Strategic decisions about which carriers to approach require human judgment.
The Economics That Make It Work
The broker-in-the-loop model only works if economics justify keeping humans involved. Flow’s AI changes those economics dramatically.
Traditional wholesalers face brutal trade-offs on small accounts. “If you make 20%, you make 10% commission on those deals, you know, and it’s a $10,000 deal. You can’t really spend a lot of time on it if you’re a traditional player,” Sivan notes.
But with AI handling mechanical work, human broker time investment drops dramatically. They’re not spending hours on data entry or submission formatting. They’re spending minutes on oversight and judgment calls.
This makes small accounts profitable while maintaining quality. “For us it’s very different. We’re able to place business with our carriers very quickly and allows us to really invest a lot in every size account.”
The hybrid model turns what seemed like a cost into an advantage: providing expertise at scale.
The Pattern for Other Industries
Flow’s approach reveals something important: the goal isn’t to eliminate humans or keep them doing everything. It’s to redesign the division of labor.
Most AI implementations fail in two ways. They try to fully automate processes requiring human judgment, leading to poor outcomes. Or they slightly augment existing processes without rethinking workflows, leading to marginal improvements that don’t justify investment.
Flow completely redesigned their workflow around one principle: AI does everything that doesn’t require expertise, humans provide all the judgment and relationship management customers value.
This applies to any professional services business where part of the process is mechanical, part requires expertise, clients pay for outcomes not process execution, and speed matters but can’t sacrifice quality.
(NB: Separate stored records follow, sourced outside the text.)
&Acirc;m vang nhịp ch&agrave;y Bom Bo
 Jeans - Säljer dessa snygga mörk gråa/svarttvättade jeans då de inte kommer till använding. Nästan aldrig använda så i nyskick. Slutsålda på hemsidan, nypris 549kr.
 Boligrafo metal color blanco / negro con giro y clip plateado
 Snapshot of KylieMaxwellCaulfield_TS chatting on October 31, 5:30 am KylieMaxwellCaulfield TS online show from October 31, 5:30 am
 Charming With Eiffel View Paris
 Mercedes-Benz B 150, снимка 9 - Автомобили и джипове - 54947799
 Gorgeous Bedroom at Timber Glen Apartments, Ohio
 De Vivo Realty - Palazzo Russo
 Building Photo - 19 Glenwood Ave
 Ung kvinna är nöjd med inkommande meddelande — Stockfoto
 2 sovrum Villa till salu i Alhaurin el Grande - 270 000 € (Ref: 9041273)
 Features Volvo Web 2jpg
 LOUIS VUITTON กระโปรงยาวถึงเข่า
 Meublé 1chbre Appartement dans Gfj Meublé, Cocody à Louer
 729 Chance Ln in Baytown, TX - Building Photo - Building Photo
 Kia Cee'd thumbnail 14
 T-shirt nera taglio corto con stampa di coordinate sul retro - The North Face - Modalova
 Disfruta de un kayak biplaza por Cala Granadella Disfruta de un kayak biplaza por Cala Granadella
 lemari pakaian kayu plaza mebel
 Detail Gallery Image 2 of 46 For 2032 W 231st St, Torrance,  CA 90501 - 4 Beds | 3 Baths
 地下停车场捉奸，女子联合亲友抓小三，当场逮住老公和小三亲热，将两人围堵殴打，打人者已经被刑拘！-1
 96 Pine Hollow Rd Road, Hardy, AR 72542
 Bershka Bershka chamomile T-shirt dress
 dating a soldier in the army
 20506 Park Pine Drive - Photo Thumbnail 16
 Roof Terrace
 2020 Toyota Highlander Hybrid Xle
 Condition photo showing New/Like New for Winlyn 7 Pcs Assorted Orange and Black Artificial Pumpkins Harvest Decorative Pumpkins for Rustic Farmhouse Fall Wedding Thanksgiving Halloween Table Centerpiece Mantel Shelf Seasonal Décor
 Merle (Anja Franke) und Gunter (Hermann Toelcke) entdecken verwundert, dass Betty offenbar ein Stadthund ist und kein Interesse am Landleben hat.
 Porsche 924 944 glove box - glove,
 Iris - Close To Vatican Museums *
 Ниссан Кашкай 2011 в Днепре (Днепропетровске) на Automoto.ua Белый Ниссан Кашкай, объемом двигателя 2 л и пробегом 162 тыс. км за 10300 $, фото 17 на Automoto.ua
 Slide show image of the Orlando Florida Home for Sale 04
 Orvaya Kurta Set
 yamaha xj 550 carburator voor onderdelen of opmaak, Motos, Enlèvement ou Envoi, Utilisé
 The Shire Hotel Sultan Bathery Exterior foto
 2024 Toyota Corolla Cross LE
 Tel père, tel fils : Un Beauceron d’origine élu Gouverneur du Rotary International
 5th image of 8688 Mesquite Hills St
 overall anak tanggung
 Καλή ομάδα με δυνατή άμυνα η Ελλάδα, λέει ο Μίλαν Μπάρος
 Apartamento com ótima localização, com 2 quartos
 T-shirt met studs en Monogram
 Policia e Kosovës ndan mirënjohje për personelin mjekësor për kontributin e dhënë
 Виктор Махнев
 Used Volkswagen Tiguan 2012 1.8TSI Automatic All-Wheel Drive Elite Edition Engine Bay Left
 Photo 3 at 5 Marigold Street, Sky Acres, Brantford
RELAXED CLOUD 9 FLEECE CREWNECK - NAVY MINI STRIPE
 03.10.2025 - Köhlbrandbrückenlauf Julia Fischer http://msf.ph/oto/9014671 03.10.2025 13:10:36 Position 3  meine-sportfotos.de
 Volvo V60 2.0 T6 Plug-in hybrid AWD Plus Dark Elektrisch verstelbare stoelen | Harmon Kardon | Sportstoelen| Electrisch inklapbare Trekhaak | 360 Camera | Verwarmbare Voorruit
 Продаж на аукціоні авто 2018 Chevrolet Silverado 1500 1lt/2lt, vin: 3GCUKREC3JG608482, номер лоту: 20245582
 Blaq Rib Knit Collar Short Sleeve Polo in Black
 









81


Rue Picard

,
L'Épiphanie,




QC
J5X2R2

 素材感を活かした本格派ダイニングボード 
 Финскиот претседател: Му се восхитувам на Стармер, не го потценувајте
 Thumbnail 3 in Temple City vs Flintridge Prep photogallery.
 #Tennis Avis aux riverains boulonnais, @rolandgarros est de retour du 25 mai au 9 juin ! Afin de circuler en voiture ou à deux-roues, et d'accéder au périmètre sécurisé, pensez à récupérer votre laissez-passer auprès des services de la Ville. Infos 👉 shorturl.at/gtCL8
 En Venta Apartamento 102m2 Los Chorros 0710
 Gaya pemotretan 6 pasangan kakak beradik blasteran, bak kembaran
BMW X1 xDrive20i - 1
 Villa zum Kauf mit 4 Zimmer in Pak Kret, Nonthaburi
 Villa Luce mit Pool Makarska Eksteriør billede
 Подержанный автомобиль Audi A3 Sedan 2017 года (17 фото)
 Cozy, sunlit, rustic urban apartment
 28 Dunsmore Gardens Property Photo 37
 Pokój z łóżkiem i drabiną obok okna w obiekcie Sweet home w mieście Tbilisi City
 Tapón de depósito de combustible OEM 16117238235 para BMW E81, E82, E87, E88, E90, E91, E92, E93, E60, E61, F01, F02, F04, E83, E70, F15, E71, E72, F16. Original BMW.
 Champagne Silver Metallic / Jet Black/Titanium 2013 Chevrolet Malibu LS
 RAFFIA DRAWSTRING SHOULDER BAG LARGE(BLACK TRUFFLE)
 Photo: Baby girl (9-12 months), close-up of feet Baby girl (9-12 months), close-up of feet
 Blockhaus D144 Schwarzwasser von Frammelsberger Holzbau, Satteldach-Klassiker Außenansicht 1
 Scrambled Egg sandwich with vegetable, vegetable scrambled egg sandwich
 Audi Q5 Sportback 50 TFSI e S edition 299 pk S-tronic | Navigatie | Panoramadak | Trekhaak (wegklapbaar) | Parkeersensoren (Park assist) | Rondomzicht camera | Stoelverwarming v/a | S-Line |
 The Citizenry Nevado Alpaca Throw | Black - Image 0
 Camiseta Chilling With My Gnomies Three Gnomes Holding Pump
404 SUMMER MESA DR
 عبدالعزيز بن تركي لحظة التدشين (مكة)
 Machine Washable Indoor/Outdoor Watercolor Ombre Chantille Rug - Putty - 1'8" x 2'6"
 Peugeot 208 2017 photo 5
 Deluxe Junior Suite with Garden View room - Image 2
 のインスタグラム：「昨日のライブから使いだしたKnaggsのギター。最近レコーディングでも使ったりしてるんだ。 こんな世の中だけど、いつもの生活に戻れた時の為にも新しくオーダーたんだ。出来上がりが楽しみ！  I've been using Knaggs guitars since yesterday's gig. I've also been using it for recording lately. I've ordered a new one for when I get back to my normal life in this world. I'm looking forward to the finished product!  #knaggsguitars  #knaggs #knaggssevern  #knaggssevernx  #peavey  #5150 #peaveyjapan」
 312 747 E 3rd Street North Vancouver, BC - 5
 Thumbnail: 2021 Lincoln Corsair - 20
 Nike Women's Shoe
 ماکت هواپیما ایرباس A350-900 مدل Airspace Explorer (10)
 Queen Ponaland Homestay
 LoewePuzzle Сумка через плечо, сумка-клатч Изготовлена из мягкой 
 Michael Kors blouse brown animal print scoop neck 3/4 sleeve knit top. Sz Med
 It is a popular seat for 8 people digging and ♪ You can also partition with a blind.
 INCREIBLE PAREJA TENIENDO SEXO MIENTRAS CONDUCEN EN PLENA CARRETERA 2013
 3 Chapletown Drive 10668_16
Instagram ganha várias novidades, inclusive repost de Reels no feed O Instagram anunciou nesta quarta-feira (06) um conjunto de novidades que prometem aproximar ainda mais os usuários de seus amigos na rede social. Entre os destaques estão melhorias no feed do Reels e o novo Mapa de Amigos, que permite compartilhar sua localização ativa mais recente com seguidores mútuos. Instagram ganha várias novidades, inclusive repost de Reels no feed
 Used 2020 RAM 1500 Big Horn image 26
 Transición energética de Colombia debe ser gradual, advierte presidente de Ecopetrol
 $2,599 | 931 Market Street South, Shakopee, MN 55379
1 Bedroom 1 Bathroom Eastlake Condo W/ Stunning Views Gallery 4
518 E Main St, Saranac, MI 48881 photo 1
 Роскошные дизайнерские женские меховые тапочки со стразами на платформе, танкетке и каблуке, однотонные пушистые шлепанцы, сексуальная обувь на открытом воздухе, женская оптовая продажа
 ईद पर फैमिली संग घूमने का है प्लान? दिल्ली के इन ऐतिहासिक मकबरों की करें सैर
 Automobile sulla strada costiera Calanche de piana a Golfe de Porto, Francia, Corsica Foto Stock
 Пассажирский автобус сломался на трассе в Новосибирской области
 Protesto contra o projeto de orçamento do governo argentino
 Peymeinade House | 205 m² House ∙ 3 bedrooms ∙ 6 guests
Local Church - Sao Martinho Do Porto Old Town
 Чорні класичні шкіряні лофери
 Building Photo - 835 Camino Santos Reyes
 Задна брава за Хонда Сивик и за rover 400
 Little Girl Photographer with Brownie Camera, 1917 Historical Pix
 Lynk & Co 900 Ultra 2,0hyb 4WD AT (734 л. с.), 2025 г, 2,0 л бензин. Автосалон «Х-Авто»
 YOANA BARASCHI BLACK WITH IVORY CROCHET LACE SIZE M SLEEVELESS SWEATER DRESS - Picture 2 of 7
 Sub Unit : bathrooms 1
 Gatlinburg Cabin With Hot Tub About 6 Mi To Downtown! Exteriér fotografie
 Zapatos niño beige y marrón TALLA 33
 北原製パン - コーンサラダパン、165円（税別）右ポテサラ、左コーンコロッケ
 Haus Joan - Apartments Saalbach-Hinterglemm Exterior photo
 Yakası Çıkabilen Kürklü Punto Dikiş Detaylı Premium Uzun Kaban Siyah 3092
The key: be honest about what clients hire you for. If they hire you for expertise and outcomes, automate everything else. In most high-value B2B services, clients pay for judgment—they just don’t want to wait weeks for it.
Why This Matters
Flow’s growth validates the model. “In the past nine months, we’ve been tripling our top line every single month. We’ve been tripling our submission volume.”
This isn’t growth from discounting or niche targeting. It’s from being demonstrably better: faster than traditional wholesalers, more expert than pure automation, more scalable than labor-intensive services.
The broker-in-the-loop model makes that combination work. Remove the human, lose the expertise. Remove the AI, lose the speed and economics. Together, they create something neither could achieve alone.
For founders implementing AI, Flow’s lesson is clear: don’t automate for automation’s sake. Automate work that doesn’t require human judgment, then deploy that judgment where it creates value. The goal isn’t efficiency or expertise—it’s both.